Start of Raw data

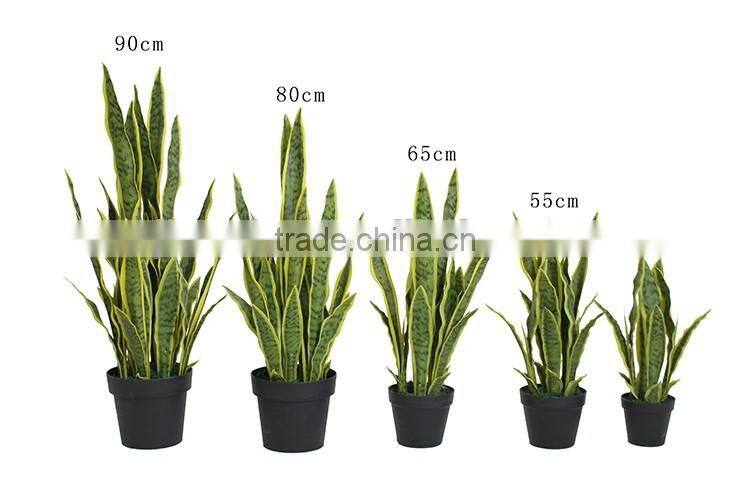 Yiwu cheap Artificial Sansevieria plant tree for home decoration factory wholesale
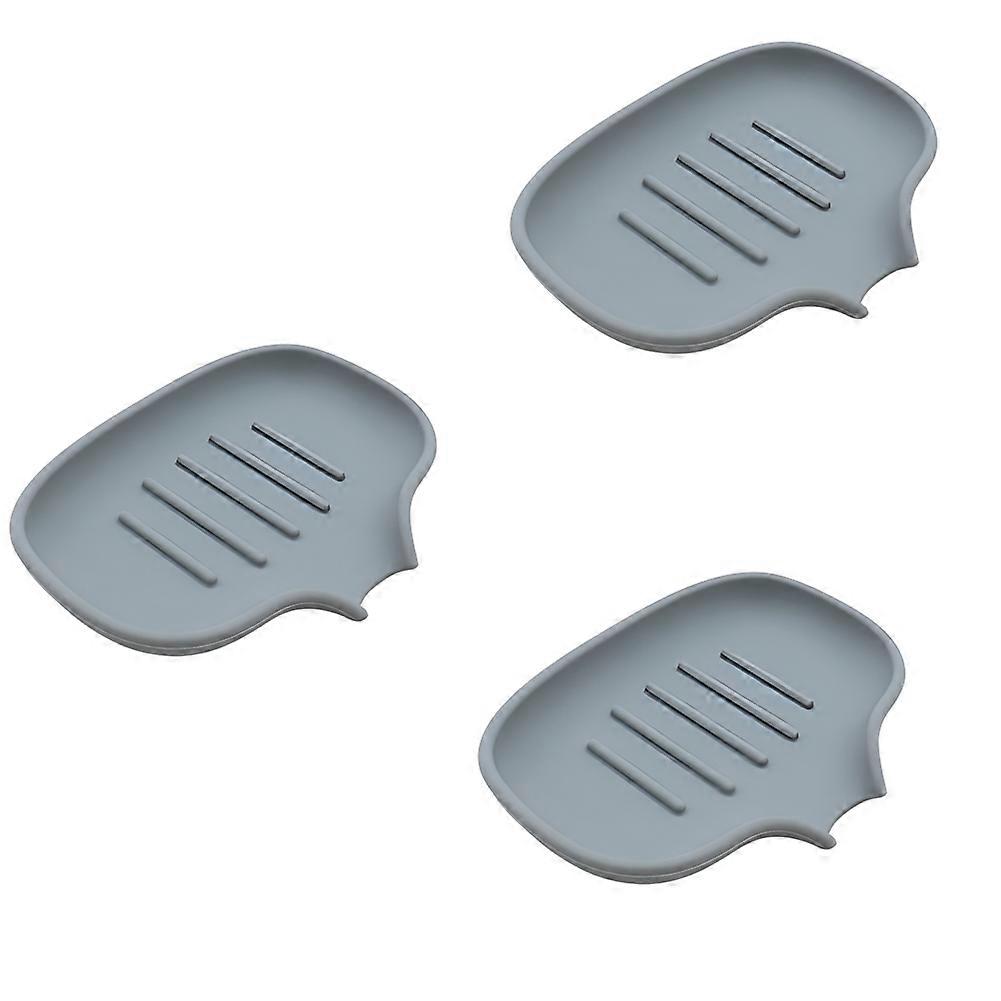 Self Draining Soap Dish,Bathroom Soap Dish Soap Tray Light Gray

End of Raw data
Start of Raw data

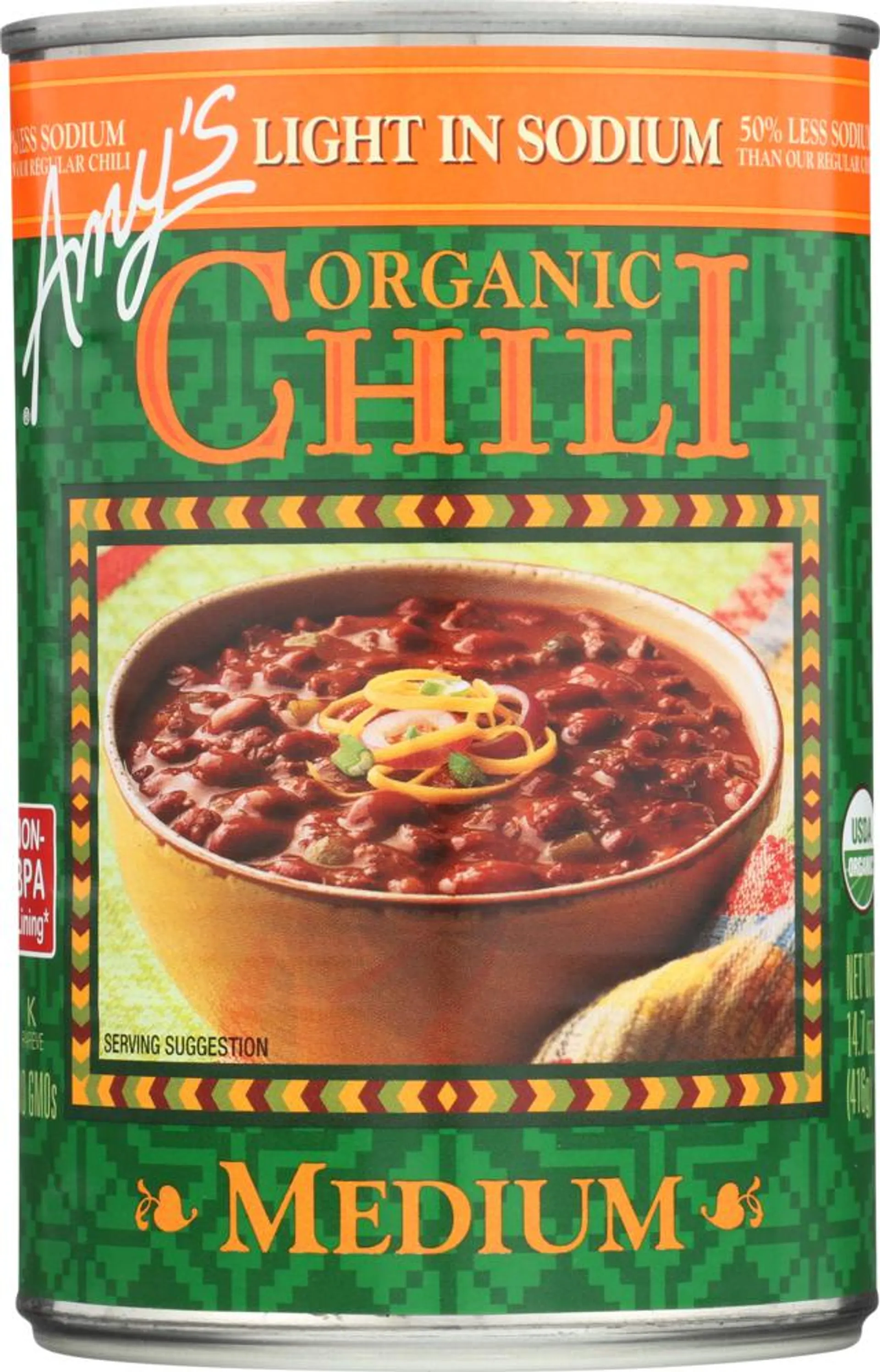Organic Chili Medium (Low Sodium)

End of Raw data
Start of Raw data

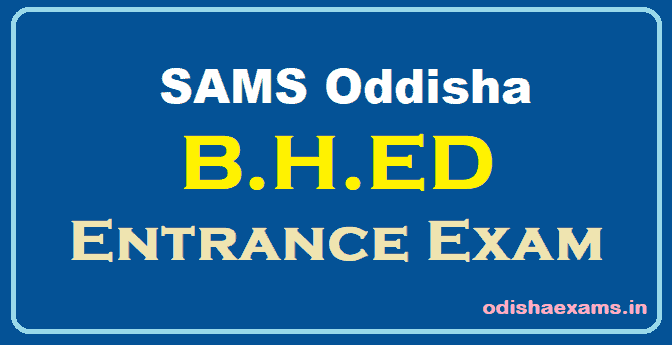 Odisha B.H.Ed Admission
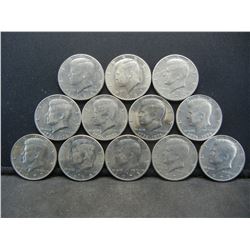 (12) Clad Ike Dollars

End of Raw data

Directions for this task: Look above for the line containing "Yiwu cheap Artificial", then copy exactly from it through the line containing "Self Draining Soap", keeping both and leaving out pictures. Add nothing else.

Solution to the exercise:
 Yiwu cheap Artificial Sansevieria plant tree for home decoration factory wholesale
 Self Draining Soap Dish,Bathroom Soap Dish Soap Tray Light Gray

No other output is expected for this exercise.